§ What the task requires
Write out the data word for word and omit every picture.

§ Supplied data
════════
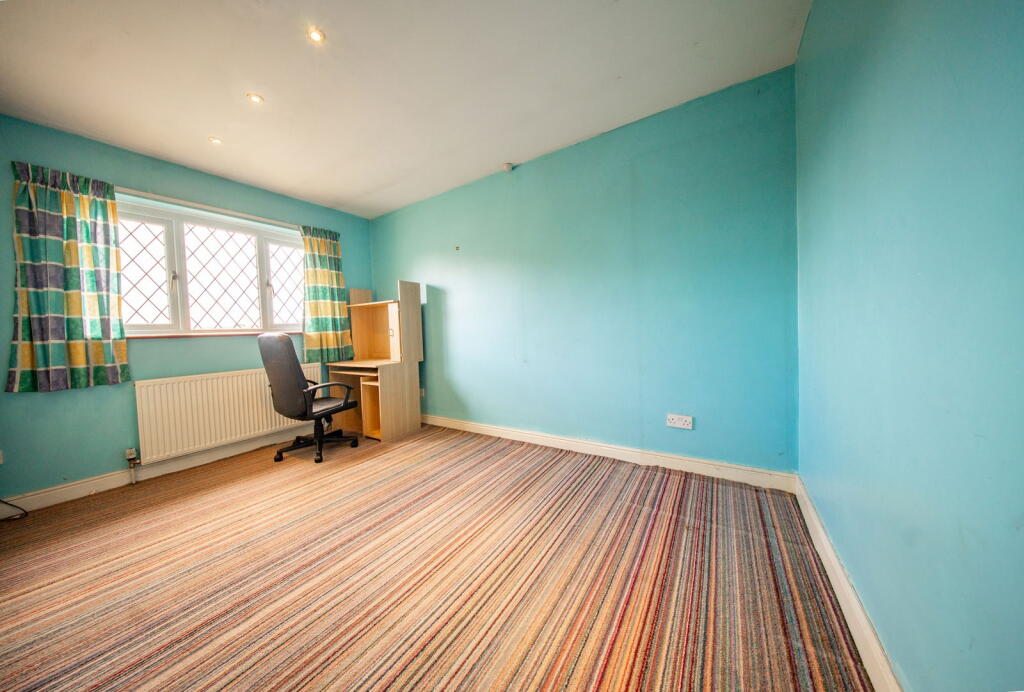 Additional image 16 of Valley Fold, Queensbury, Bradford, BD13 2LF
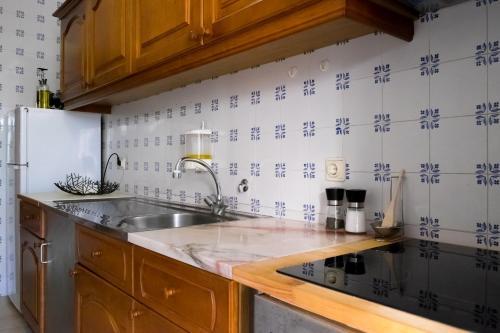 Cam�es Apartment 527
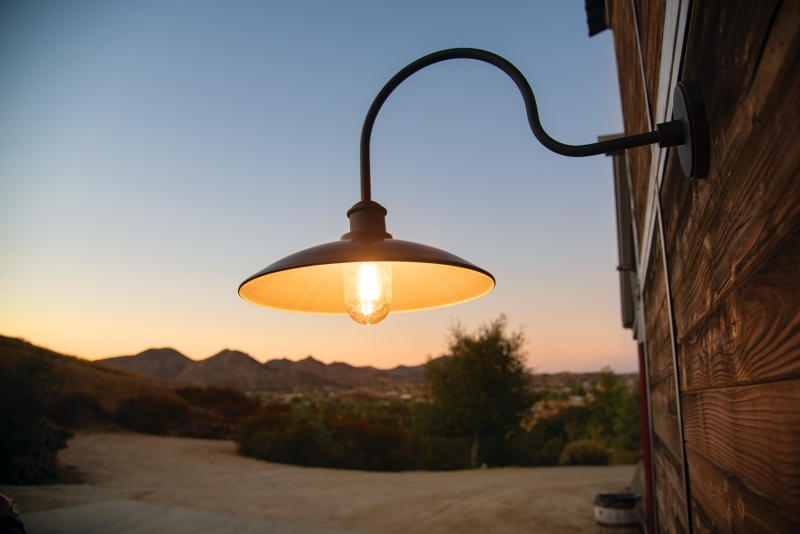 Outdoor lighting trends 2020 - RLM lighting - LightsOnline Blog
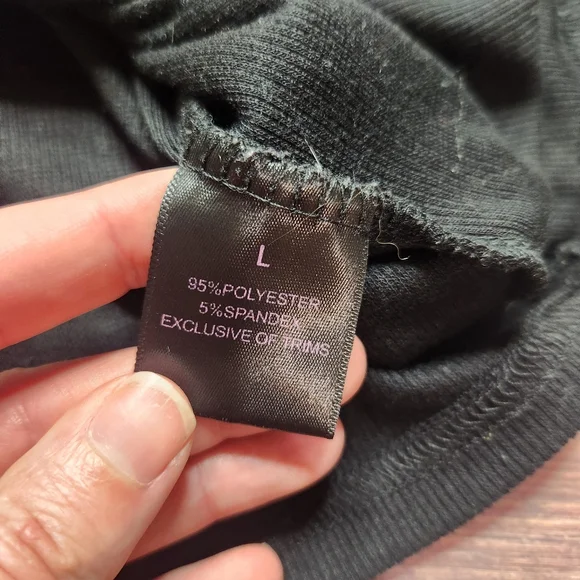 Faded Rose Angel Y2K Black Long Sleeve Crop Polo Shirt - Picture 7 of 9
════════
§ Your response
 Additional image 16 of Valley Fold, Queensbury, Bradford, BD13 2LF
 Cam�es Apartment 527
 Outdoor lighting trends 2020 - RLM lighting - LightsOnline Blog
 Faded Rose Angel Y2K Black Long Sleeve Crop Polo Shirt - Picture 7 of 9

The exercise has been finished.